Attorney General, A.J. Nicholson Explains the State of Public Emergency Declared by The Governor General


Under our Constitution, the Governor-General may issue a Proclamation declaring a State of Public Emergency in certain instances. For example, where a hurricane is about to strike or has struck, the Prime Minister may advise the Governor General to issue such a Proclamation, specifically for the purposes of the protection and the preservation of life and property.
This is to enable the authorities to better to carry out their duties in these circumstances. The Proclamation, according to the Constitution, should be issued for one month. However, it may be revoked before the one-month period because the situation may change.
Again, if there is a threat of rioting and looting, – and you know in our circumstances here in Jamaica, we have had a history, sadly, of looting – then the Prime Minister would be duty bound to ask the Governor-General to give these extra powers to the security forces, and other authorities to enable them to prevent these mishaps and these occurrences.
One thing we must always bear in mind is that these powers that are given to the authorities, must be exercised only for what is required for such protection of life and property. No rights are to be curtailed other than for the protection and preservation of life and property.
For example, to prevent persons from going into a dangerous zone, a place that has been cut off, normally that person would have freedom of movement. However, even for the preservation of that person’s own life, the security forces may prevent that person from doing that. If there is an imminent danger or threat for example, of looting or if there is reasonable suspicion that that is to take place, the security forces may very well curtail the movement of persons for specific periods.
But then, it is not only the security forces, who are enabled in these circumstances. Take those agencies of government that would have to clear roads, and open up closed communities and the like, they might have to commandeer equipment that is owned by private citizens and this may be done in circumstances in which otherwise, you would not be able to prevent a person from using his property even temporarily. So in these circumstances, you would be able to get supplies, for example, for ODPEM to get supplies to persons in a district that is cut off, they might need extra powers to be able to do that.
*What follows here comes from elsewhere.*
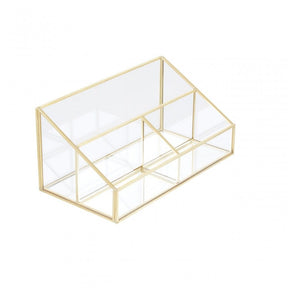 Clear Glass Makeup Organiser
It is in these circumstances that a State of Public Emergency is contemplated by the Constitution. It is for the protection of life and property, and to enable persons to get facilities and food and the like.
It is to reassure, but it is also the duty of the government to protect, and in circumstances such as these, in particular, where electricity is off, and in the dead of night persons may get up to untoward tricks. So that is why the Constitution contemplates that this can be done.